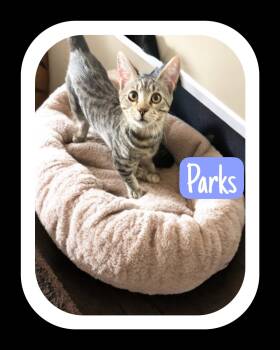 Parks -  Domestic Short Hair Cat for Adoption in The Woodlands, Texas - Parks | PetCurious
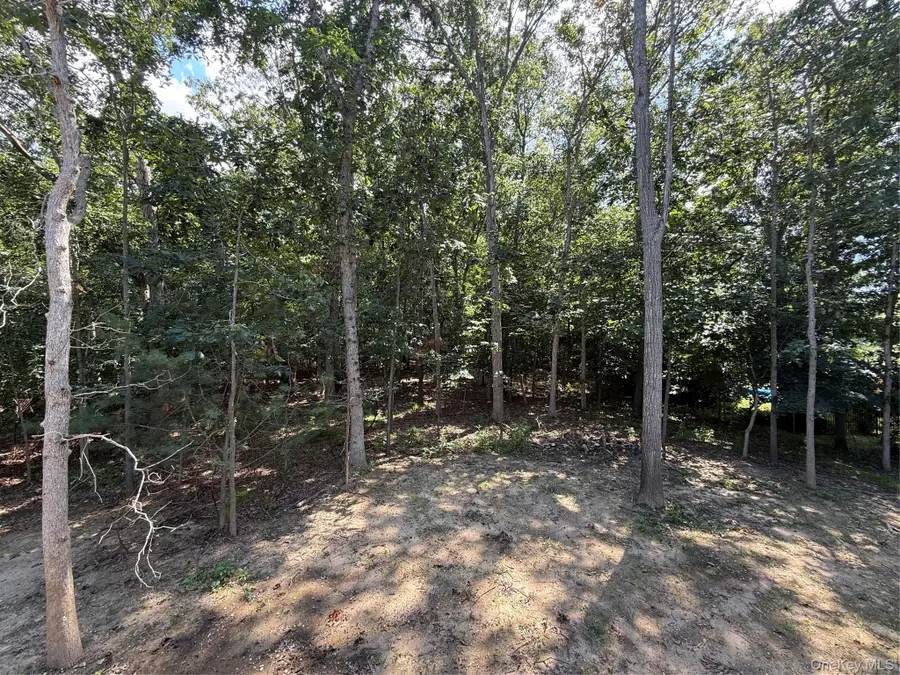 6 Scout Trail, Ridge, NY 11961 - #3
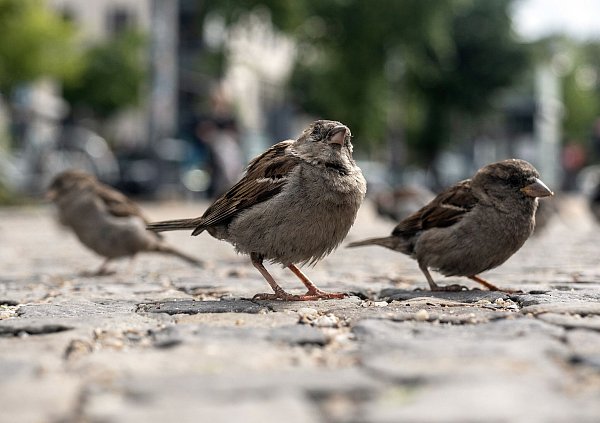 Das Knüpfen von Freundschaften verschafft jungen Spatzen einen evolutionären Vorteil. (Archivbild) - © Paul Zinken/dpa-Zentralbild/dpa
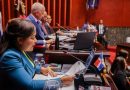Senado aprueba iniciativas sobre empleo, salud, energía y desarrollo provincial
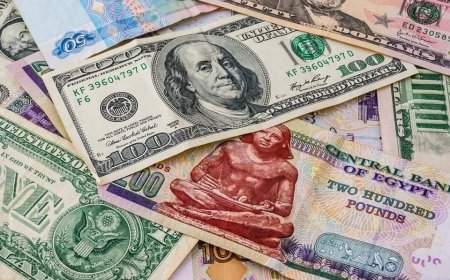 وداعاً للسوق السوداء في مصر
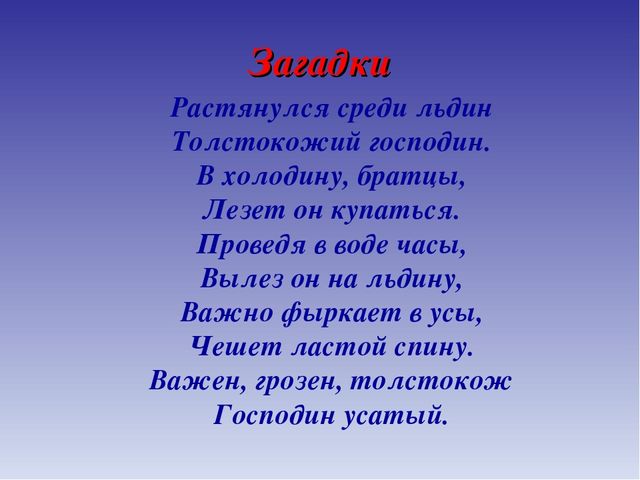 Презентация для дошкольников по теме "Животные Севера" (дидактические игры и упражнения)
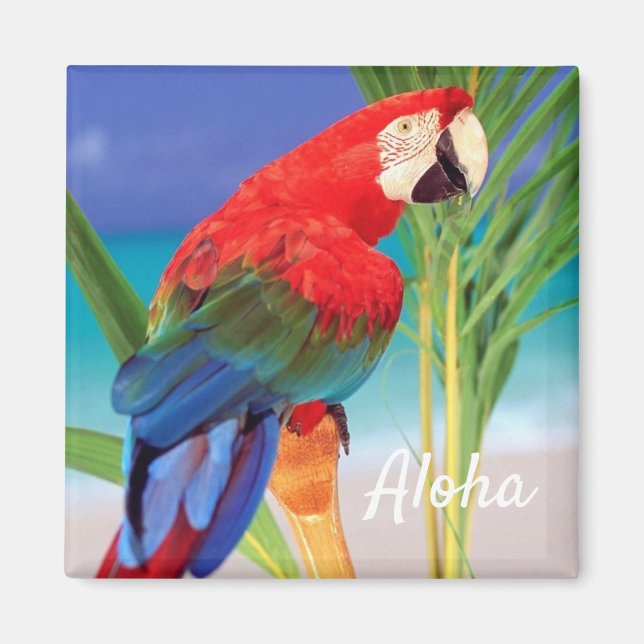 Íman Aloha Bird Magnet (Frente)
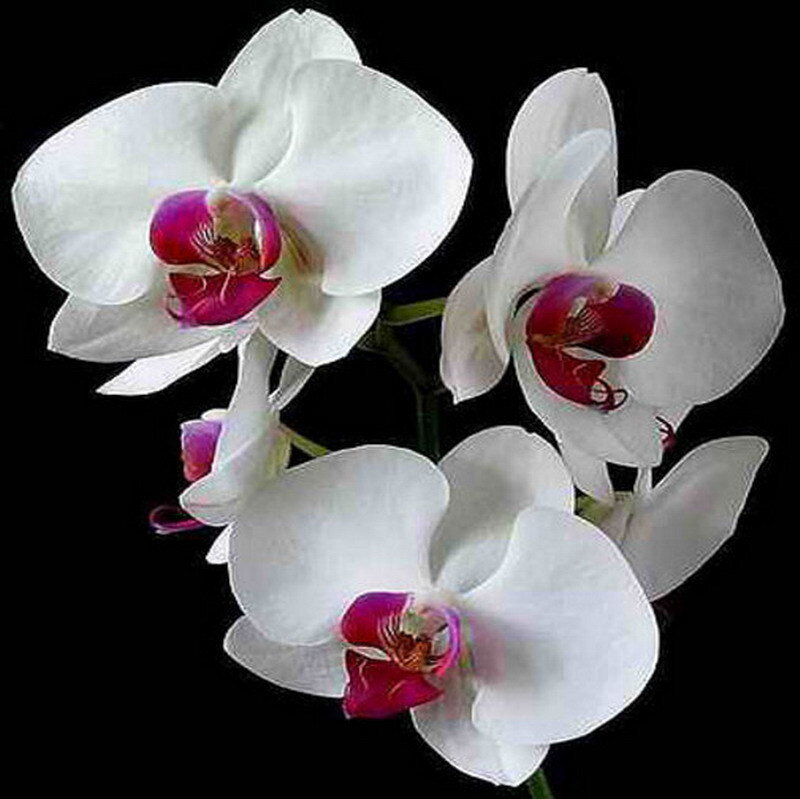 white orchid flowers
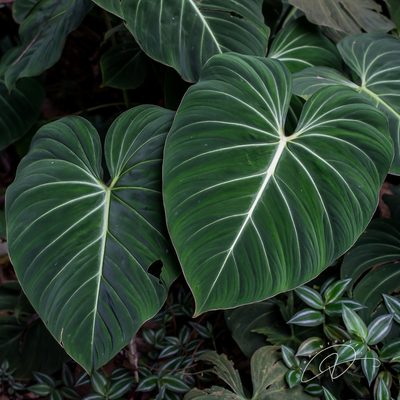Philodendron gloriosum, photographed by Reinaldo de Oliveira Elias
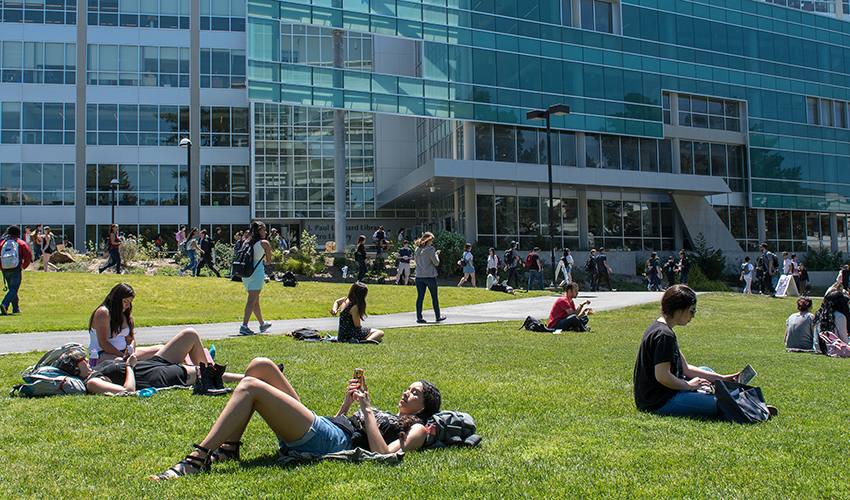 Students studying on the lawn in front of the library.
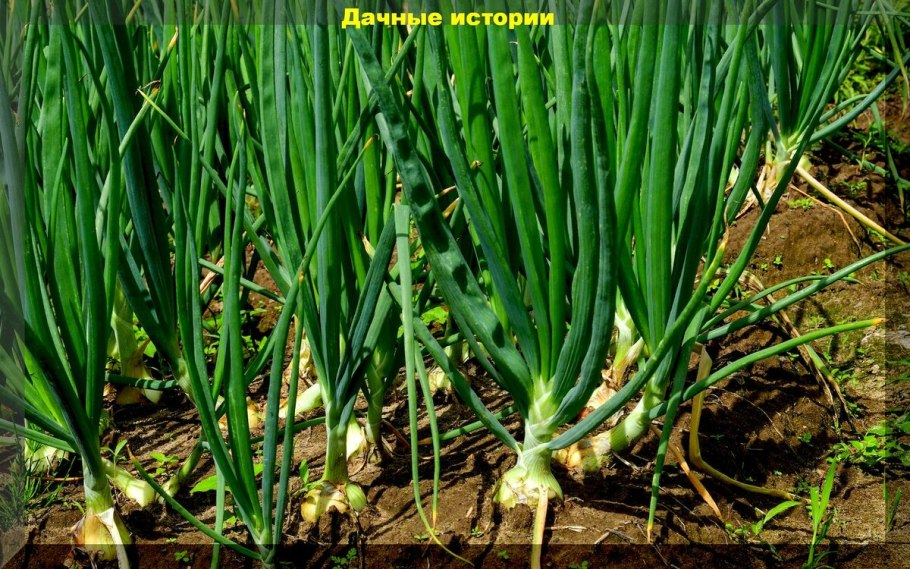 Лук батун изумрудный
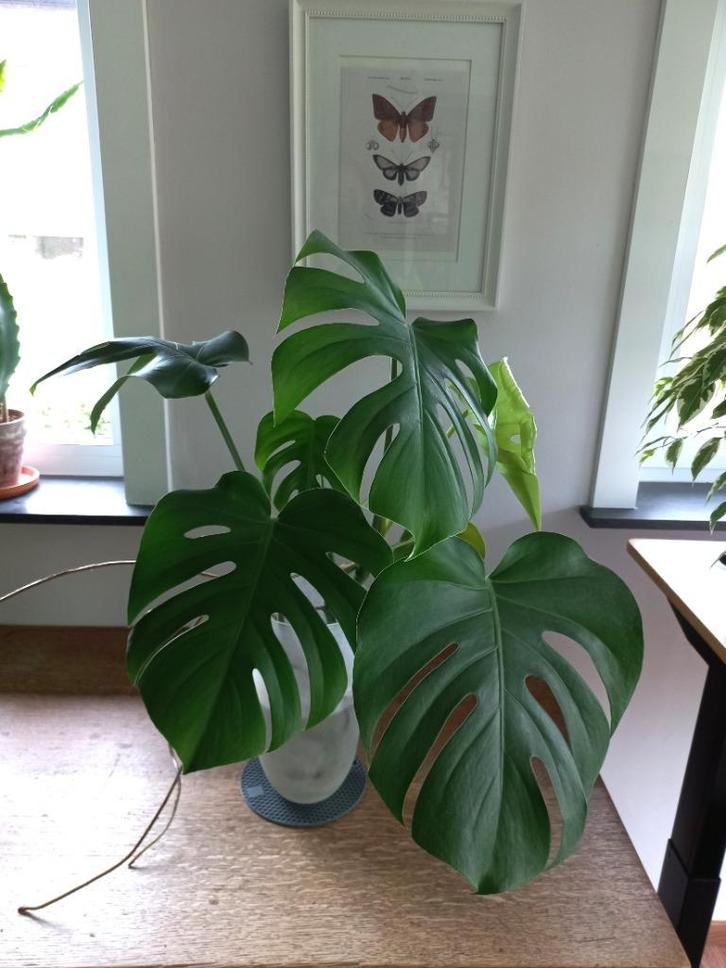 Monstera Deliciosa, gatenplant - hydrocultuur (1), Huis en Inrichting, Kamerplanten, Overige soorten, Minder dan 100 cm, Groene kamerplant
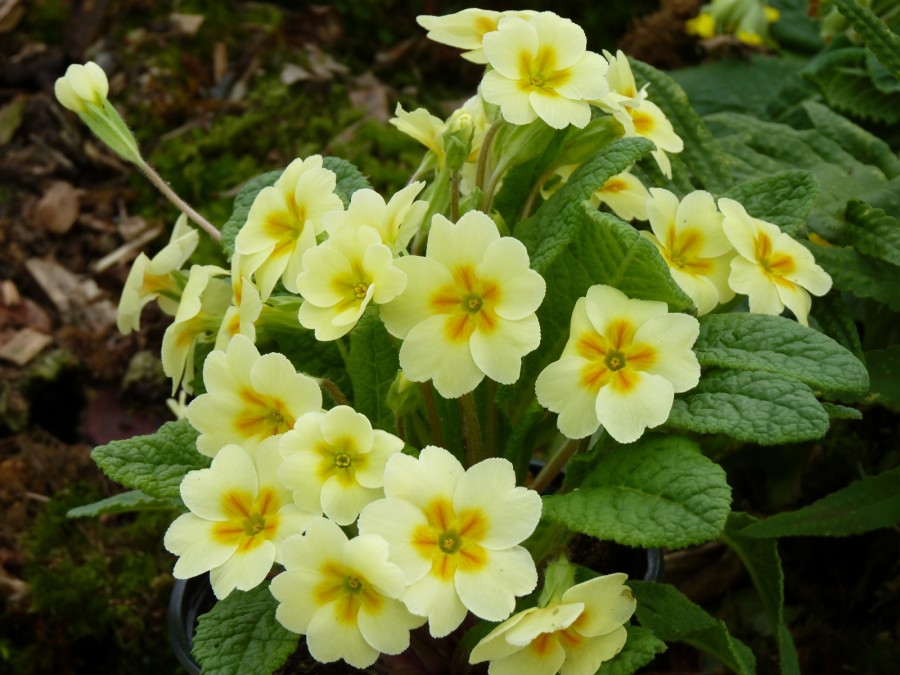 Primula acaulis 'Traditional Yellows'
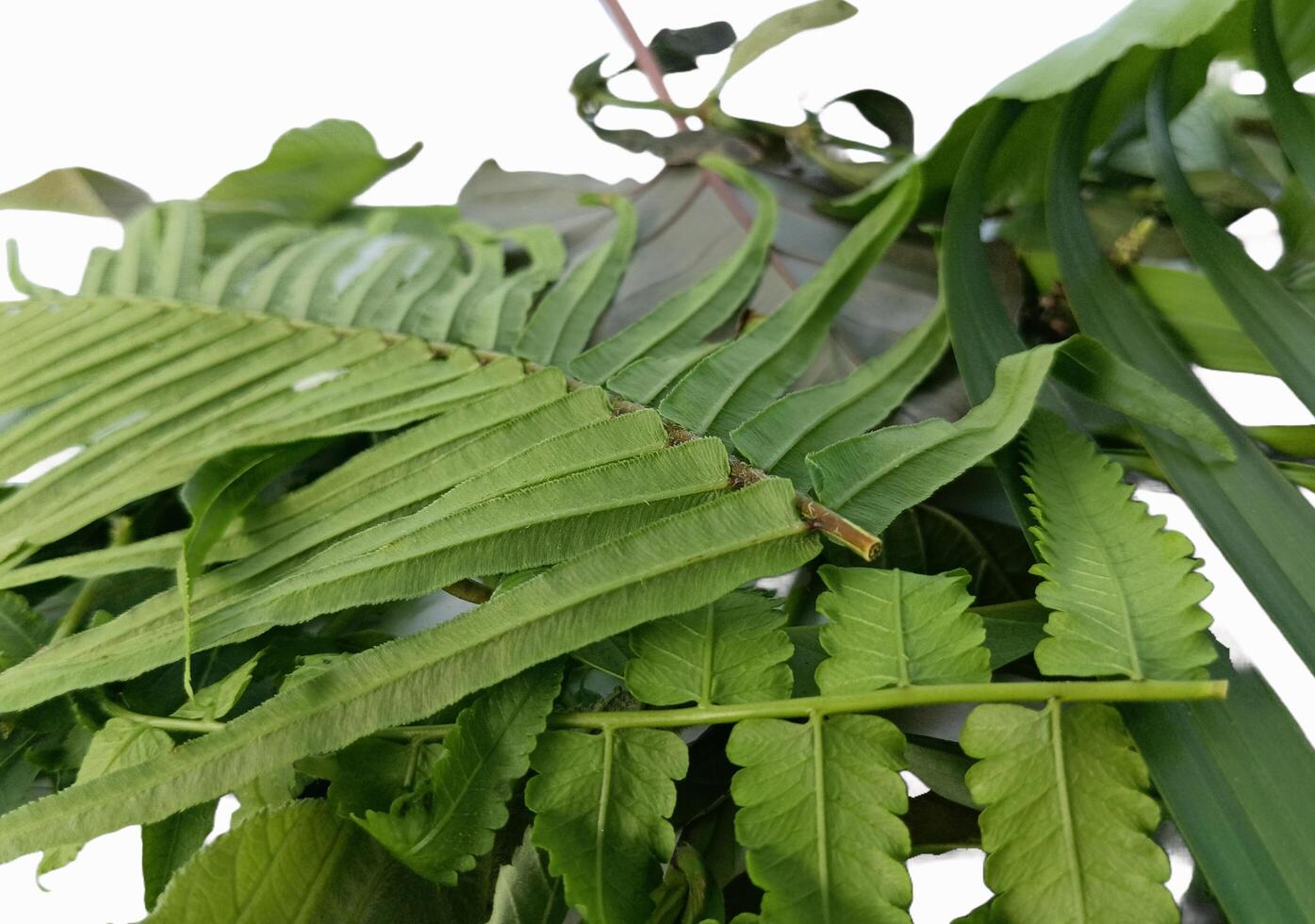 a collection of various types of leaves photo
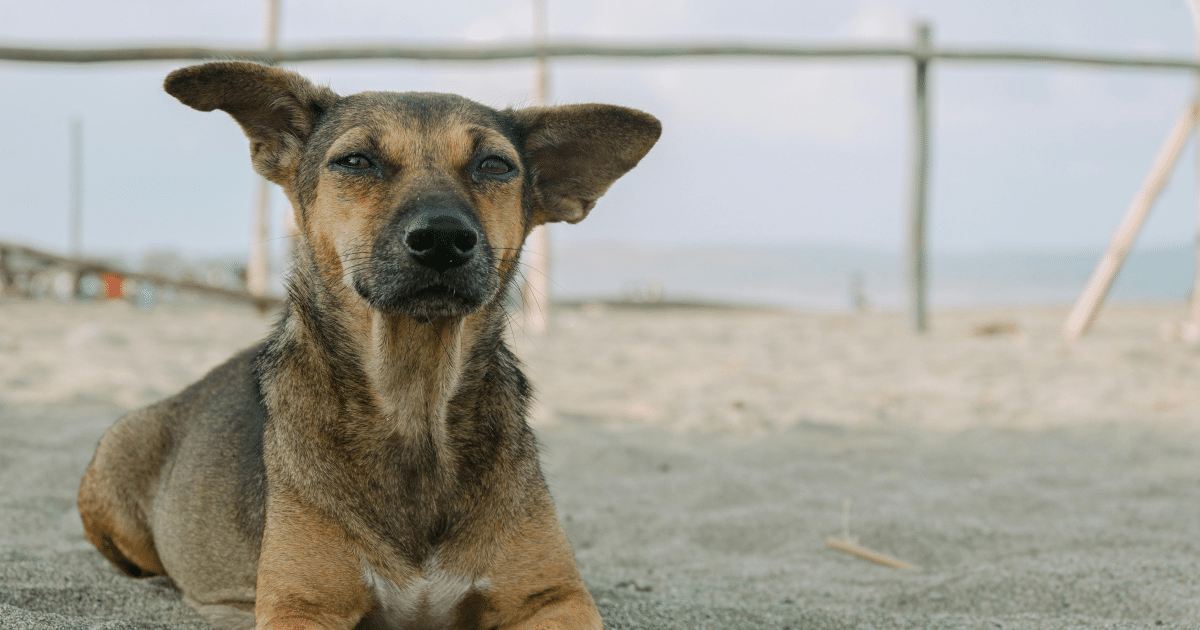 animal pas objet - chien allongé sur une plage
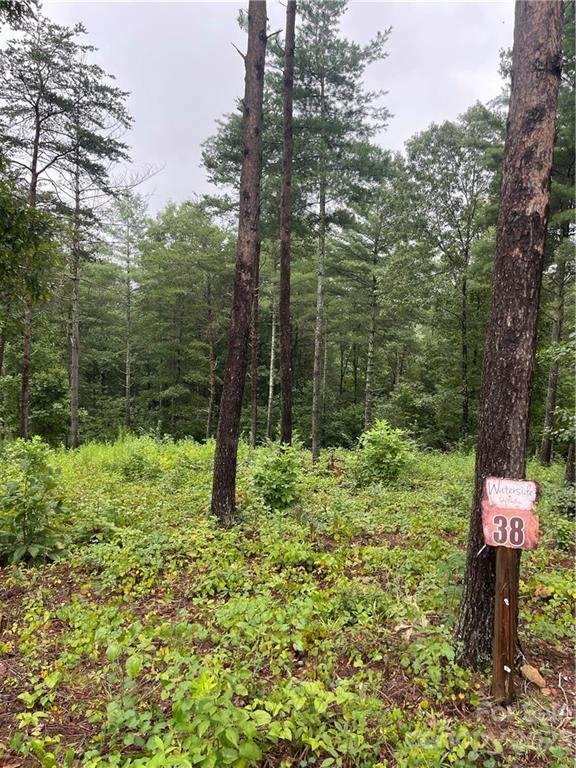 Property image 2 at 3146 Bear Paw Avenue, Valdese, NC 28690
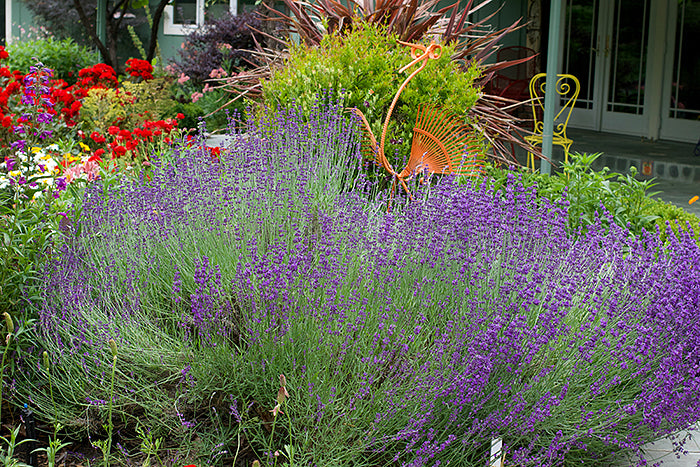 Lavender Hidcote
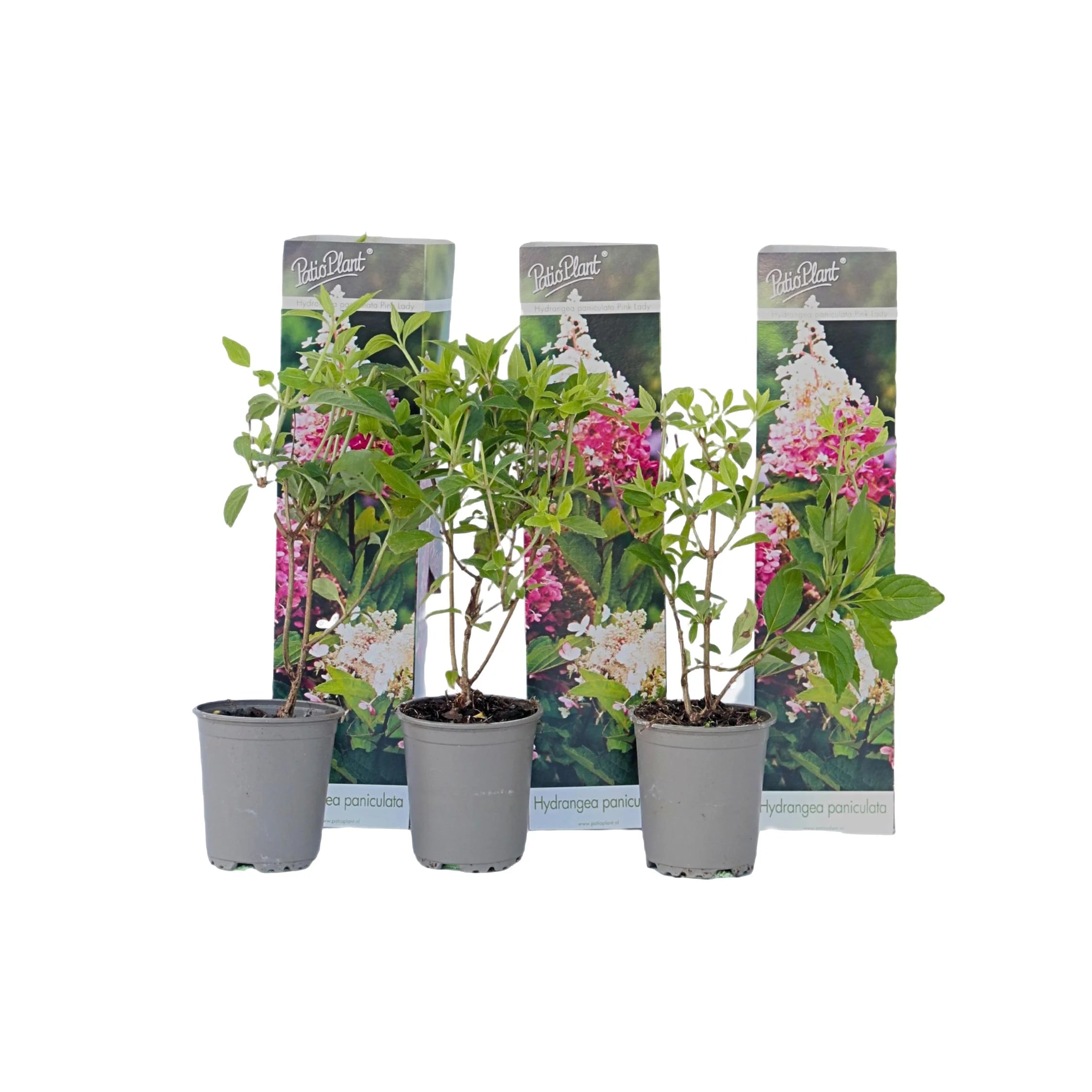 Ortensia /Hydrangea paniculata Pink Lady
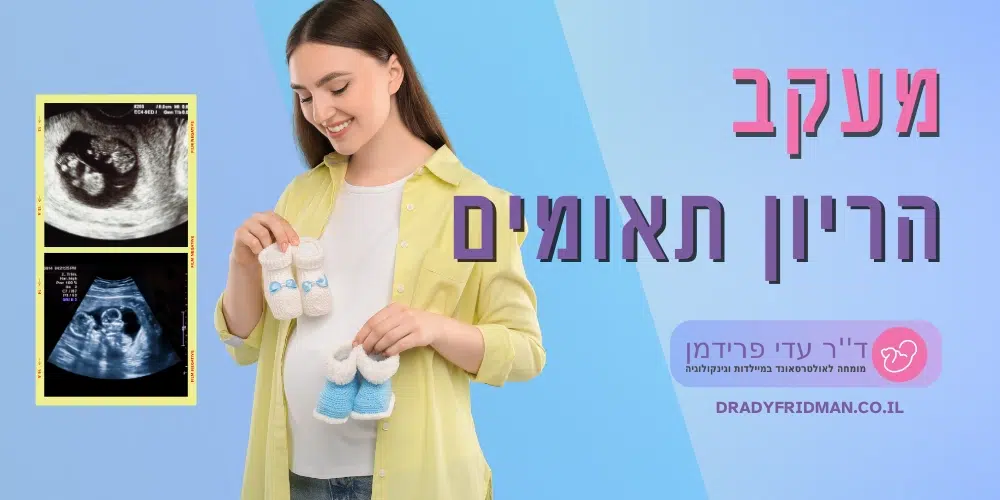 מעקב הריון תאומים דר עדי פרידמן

= = = =

*Exercise instructions*: Give back, word for word, the lines from the one with "Monstera Deliciosa, gatenplant" to the end of the records above, and no pictures.

*Result*:
 Monstera Deliciosa, gatenplant - hydrocultuur (1), Huis en Inrichting, Kamerplanten, Overige soorten, Minder dan 100 cm, Groene kamerplant
 Primula acaulis 'Traditional Yellows'
 a collection of various types of leaves photo
 animal pas objet - chien allongé sur une plage
 Property image 2 at 3146 Bear Paw Avenue, Valdese, NC 28690
 Lavender Hidcote
 Ortensia /Hydrangea paniculata Pink Lady
 מעקב הריון תאומים דר עדי פרידמן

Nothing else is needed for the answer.